I hear that VectorWorks 11 is the shiznit concerning CAD on the Macintosh:
http://www.nemetschek.net/

CAD programs in general are going to be pretty expensive, due to the amount of power they harness.  It's on par with professional video editing software: expensive, expensive, expensive.


----------



## perfessor101 (Jan 5, 2005)

Take a close look at Sketchup. It is not what most people traditionally think of when they talk about architectural or interior design software, but it is extremely powerful tool for very rapid creation of 3D renderings and moderately priced at $495. They do have a free downloadable demo that you can try. I don't do enough of that kind of work to justify the price, but I wish I could because it is so fun and satisfying to use.

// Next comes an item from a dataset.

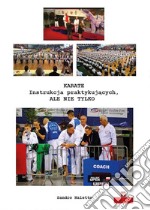 Karate instrukcja praktykujacych ale nie tylko. E-book. Formato PDF ebook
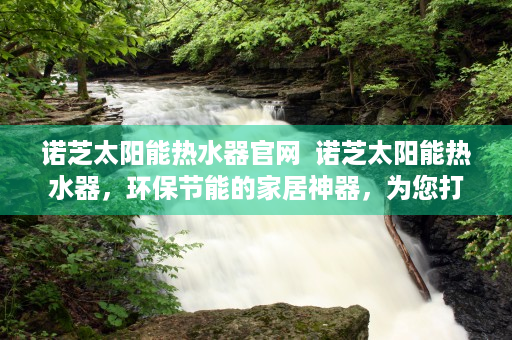 诺芝太阳能热水器官网  诺芝太阳能热水器，环保节能的家居神器，为您打造绿色生活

Even if you need a more traditional app like VectorWorks ($760) you would probably want Sketchup in your bag of tools.


----------



## mdnky (Jan 6, 2005)

There's also PowerCADD.  

Not sure if this would work, but University of Cincinnati's DAAP students use FormZ on PowerBooks.  It's their requirement for undergrad and grad Architectural students, as well as their Interior Design students.   I mention UC because they're ranked #1 nationally (been there a few years) by DesignIntelligence for their Interior Design program, and #2/#6 (undergrad/grad) for their Architecture program.  Evidentially FormZ works well for them.


----------



## granthac (Jan 6, 2005)

Both Form-Z and Sketch up are fine programs... I use both of them on a pretty regular basis.  Form-Z is great for super high quality 3d renderings, while sketchup is great for getting 3D concepts out of your head quickly and on to 'paper'.  ArchiCAD is the best for drafting purpose, and you can export to Form-Z for finishing of renderings.   Also Artlantis works very nicely with ArchiCAD 'finishing' interior renderings.  Are you going to be using this for commercial stuff??  If not look into bit torrents...


----------



## Pengu (Jan 6, 2005)

for simple stuff there is omnigraffle pro, otherwise i suggest you try the Canvas demo..


----------